### EXERCISE OBJECTIVE
Return, exactly and in full, the lines of the records below starting at the one with "British Crumpets breakfast" and ending at the one with "On the car seatDescription", and no other lines.

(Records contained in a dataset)
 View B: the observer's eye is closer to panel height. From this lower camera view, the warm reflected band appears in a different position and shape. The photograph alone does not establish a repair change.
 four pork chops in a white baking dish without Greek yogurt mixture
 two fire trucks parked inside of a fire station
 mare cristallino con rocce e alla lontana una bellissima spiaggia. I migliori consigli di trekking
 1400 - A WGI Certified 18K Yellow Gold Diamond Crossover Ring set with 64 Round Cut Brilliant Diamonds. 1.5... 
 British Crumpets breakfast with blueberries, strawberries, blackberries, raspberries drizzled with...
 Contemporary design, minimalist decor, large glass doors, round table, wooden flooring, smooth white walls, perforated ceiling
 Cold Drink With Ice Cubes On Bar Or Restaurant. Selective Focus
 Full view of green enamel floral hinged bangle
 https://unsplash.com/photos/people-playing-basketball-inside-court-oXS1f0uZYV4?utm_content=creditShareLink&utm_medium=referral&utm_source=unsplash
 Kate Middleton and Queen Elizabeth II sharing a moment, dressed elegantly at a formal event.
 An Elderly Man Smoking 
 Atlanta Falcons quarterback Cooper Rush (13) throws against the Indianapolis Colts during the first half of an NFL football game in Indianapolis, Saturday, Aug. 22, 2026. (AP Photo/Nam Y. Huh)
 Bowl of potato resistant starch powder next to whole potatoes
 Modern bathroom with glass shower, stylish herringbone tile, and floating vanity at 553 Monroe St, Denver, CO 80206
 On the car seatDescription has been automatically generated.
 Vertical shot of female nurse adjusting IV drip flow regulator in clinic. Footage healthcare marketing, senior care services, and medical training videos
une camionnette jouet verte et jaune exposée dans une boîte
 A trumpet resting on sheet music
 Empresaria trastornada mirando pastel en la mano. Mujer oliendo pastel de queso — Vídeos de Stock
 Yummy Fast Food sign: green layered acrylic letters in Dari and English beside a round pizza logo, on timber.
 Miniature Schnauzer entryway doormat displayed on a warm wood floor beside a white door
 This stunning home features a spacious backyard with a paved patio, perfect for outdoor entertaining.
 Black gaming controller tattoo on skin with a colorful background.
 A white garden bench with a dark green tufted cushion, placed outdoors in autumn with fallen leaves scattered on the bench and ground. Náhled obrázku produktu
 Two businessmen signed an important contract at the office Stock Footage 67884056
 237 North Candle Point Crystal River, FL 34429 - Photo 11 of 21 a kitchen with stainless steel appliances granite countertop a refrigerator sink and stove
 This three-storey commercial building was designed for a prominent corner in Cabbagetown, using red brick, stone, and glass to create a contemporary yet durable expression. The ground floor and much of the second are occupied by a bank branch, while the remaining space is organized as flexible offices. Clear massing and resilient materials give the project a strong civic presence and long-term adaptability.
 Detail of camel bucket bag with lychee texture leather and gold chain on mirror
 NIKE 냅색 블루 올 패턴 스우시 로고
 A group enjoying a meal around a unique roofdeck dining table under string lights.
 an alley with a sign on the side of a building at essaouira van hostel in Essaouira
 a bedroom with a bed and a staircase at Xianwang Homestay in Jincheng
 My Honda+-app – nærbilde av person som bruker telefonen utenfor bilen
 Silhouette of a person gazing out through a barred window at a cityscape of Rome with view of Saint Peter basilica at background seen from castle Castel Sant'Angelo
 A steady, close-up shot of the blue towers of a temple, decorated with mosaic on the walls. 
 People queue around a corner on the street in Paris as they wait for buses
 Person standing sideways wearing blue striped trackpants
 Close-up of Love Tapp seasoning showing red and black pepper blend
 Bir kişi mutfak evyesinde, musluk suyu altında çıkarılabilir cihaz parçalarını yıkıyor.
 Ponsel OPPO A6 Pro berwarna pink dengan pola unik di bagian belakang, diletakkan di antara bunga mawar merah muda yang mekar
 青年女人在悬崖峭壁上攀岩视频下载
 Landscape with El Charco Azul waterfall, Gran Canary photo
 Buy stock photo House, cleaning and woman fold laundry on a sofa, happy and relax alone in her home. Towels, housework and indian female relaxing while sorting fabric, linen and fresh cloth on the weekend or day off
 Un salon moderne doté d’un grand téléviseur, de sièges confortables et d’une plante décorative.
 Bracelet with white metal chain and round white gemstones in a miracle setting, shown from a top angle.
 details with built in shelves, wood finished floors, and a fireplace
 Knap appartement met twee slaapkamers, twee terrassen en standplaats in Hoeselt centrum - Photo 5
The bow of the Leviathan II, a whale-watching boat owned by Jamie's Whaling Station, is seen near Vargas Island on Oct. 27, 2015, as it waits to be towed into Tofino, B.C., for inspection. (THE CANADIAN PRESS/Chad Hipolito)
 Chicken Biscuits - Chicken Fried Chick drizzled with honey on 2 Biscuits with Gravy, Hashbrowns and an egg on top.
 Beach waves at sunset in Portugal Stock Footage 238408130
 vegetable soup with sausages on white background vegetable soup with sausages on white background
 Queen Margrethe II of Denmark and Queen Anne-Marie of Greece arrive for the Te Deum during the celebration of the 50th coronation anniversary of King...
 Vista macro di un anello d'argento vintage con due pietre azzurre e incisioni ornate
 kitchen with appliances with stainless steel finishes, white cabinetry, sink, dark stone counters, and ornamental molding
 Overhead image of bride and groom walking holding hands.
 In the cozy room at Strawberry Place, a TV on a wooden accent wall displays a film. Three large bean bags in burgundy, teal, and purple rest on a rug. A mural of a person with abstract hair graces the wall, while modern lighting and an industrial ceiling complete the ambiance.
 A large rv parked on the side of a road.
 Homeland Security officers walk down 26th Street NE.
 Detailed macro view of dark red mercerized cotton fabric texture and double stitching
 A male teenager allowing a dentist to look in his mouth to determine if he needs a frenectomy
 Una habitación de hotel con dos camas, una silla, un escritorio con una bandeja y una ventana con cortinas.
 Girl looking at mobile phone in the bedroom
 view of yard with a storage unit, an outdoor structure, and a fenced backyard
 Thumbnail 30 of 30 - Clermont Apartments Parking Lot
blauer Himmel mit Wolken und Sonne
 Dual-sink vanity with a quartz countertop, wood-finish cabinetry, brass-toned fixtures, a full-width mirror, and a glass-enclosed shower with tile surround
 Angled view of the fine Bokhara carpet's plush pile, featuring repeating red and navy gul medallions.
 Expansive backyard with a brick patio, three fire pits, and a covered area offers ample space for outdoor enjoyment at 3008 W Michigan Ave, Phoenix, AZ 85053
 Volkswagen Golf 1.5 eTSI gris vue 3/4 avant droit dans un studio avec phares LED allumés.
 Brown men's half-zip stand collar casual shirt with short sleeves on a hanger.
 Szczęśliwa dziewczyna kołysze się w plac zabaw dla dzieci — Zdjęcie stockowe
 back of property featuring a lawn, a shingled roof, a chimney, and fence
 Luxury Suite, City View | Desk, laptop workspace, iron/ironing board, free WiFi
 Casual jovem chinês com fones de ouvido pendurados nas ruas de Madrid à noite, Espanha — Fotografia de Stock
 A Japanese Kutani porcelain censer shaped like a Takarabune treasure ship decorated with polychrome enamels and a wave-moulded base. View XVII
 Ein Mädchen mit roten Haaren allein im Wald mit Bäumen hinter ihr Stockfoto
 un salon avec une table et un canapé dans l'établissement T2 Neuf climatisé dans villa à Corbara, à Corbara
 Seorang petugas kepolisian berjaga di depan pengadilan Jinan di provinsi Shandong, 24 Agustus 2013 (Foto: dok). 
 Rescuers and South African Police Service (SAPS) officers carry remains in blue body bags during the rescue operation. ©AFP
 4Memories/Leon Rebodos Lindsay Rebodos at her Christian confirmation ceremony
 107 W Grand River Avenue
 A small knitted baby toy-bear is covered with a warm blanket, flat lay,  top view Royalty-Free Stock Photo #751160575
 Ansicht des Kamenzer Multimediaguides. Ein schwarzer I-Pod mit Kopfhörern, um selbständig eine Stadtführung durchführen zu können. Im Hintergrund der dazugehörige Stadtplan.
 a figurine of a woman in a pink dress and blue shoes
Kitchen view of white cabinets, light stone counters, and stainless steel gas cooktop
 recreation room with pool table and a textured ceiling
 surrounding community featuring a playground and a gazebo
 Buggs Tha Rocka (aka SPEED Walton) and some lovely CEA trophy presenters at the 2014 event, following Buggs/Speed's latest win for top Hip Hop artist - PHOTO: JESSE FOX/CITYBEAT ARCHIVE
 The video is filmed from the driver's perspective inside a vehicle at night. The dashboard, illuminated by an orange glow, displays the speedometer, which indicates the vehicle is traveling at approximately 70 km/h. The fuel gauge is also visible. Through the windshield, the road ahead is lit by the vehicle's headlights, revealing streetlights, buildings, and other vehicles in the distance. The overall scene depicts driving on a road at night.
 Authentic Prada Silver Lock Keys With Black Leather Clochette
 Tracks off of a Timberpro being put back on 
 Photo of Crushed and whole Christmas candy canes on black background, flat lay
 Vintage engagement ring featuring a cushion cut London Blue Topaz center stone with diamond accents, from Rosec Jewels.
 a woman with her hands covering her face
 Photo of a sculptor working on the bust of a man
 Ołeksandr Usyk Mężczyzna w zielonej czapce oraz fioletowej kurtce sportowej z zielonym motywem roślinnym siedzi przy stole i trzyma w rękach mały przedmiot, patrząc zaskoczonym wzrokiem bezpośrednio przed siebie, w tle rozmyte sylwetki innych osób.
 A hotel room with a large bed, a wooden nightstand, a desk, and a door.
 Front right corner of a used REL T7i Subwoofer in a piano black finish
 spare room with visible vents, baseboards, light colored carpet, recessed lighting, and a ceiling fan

### SOLVED EXERCISE
 British Crumpets breakfast with blueberries, strawberries, blackberries, raspberries drizzled with...
 Contemporary design, minimalist decor, large glass doors, round table, wooden flooring, smooth white walls, perforated ceiling
 Cold Drink With Ice Cubes On Bar Or Restaurant. Selective Focus
 Full view of green enamel floral hinged bangle
 https://unsplash.com/photos/people-playing-basketball-inside-court-oXS1f0uZYV4?utm_content=creditShareLink&utm_medium=referral&utm_source=unsplash
 Kate Middleton and Queen Elizabeth II sharing a moment, dressed elegantly at a formal event.
 An Elderly Man Smoking 
 Atlanta Falcons quarterback Cooper Rush (13) throws against the Indianapolis Colts during the first half of an NFL football game in Indianapolis, Saturday, Aug. 22, 2026. (AP Photo/Nam Y. Huh)
 Bowl of potato resistant starch powder next to whole potatoes
 Modern bathroom with glass shower, stylish herringbone tile, and floating vanity at 553 Monroe St, Denver, CO 80206
 On the car seatDescription has been automatically generated.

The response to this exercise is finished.